Антивоенный марш в Москве

«Если мы вдруг утратим веру в себя, в совместимость нашей культуры с политической свободой, опустим руки и поплетемся обратно в фараоново рабство, это будет предательством наших предков и наших потомков»

— Здравый смысл и здоровая нравственность, на которые, как вы пишете в своем докладе, нам нужно опереться, – это что конкретно? Есть ли какая-то политическая, религиозная, этическая доктрина, которая может служить образцом?

— Что такое здравый смысл и здоровая нравственность? Я как-то не готов вставать в позицию и тем более позу «учителя жизни» – я пишу политические доклады, а не морально-философские сочинения. Все просто: не надо делать зла и глупостей (и особенно злых глупостей). Их не надо делать вообще; но мы говорим о политике, да?

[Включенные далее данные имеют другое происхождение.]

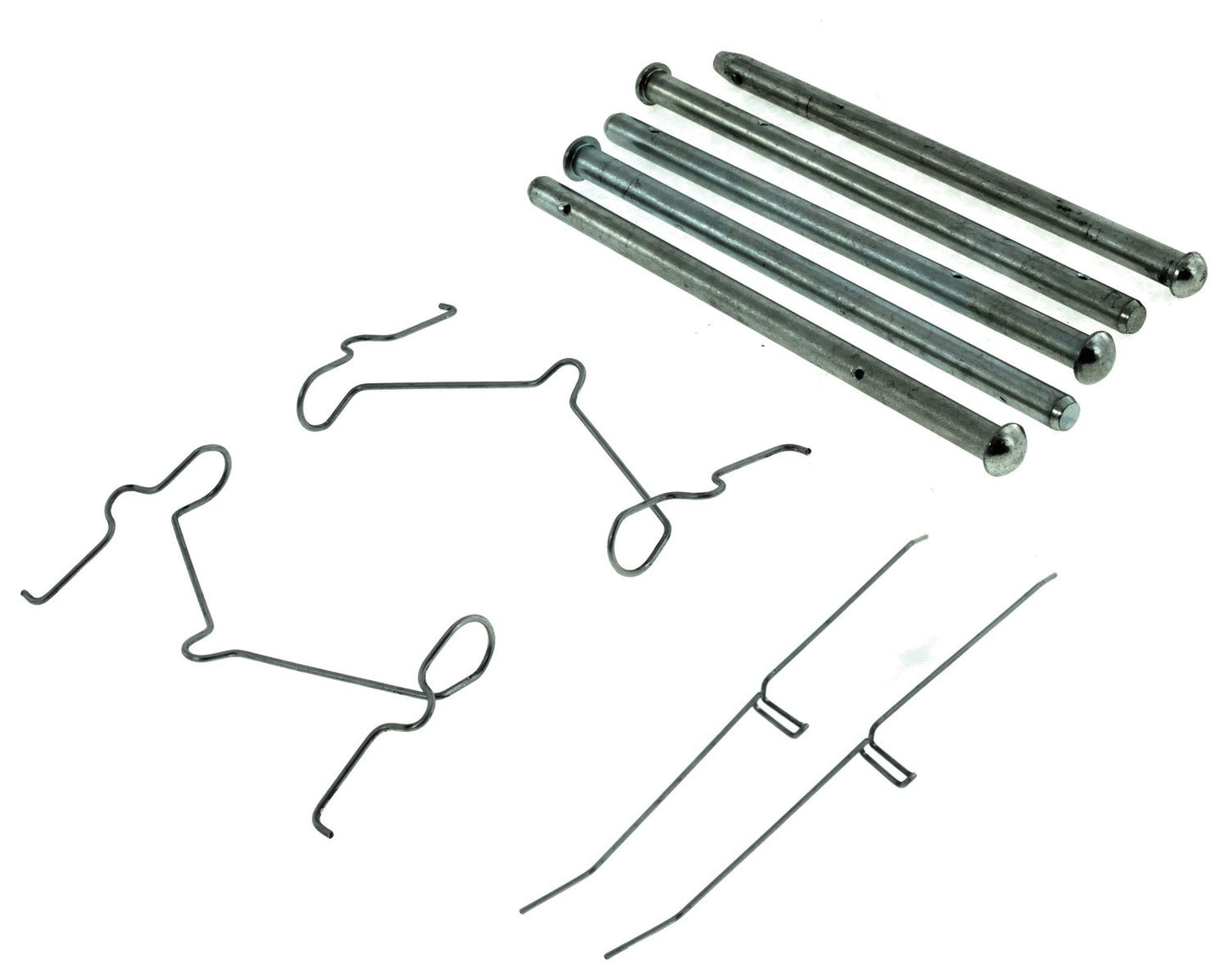 Centric Parts Disc Brake Hardware Kit for 2008-2013 Lexus LX570 Toyota Land Cruiser Sequoia Tundra 117.44089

Так вот, и в политике тоже не надо – мы их, между прочим, наделали уже больше чем достаточно, особенно в последние дни.

Существуют разные способы различения добра и зла, разума и бессмыслицы. Один из них называется христианством. Россия – от христианского корня. Как, кстати, и Европа. Это до сих пор так и не может стать иначе (хотя и Россия, и Европа, каждая на свой манер, от этого корня отрекались или пытались предать его забвению). Думаю, что образцы и критерии различения добра и зла (равно как ума и глупости) нам естественно было бы искать где-то рядом с христианством, а лучше всего – в нем самом. Конечно, не подменяя подлинный дух христианства его разнообразными извращениями, которыми мы в последнее время слишком увлеклись.

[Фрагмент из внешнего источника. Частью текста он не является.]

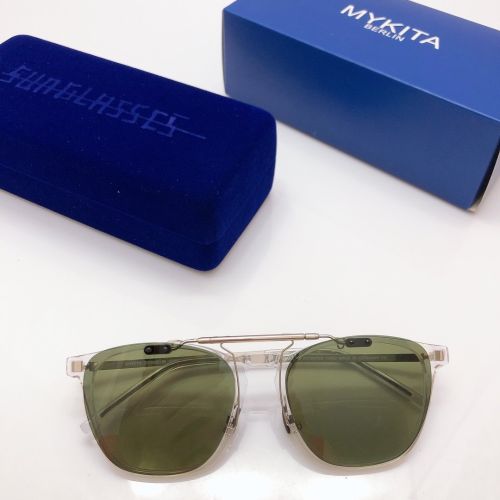 Myki German non screw frame glasses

— А в чем уникальность и специфичность демократии по-российски? Чем наша демократия отличается от западной, и чего мы не должны стыдиться?

— А мы еще не знаем, что такое «демократия по-российски» – узнаем тогда, когда и если она достигнет зрелости. Не бывает демократии вообще, разве что в умах теоретиков. Демократия по-шведски и по-гречески, по-канадски и по-японски, по-индийски и по-чилийски – все они очень разнятся между собой, однако все они демократии (кстати, не все западные). Вот когда не останется сомнений в том, что Россия нашла свой собственный способ устроиться демократическим образом – то есть ни в том, что это способ именно российский, ни в том, что он именно демократический – тогда и будет ясно, в чем его уникальность. Если мы все еще ищем этот способ, то стыдиться нечего – другие тоже не сразу его находили, наделав в процессе поиска массу ошибок и даже преступлений. Но если мы на середине пути вдруг утратим веру в себя, в самоё совместимость нашей культуры с политической свободой, опустим руки и поплетемся обратно в фараоново рабство, это будет стыдно. Это будет предательством и наших предков, и наших потомков.

Все ответы на вопросы отражают исключительно личное мнение Святослава Каспэ, не обязательно разделяемое другими участниками проекта «Стратегия-XXI».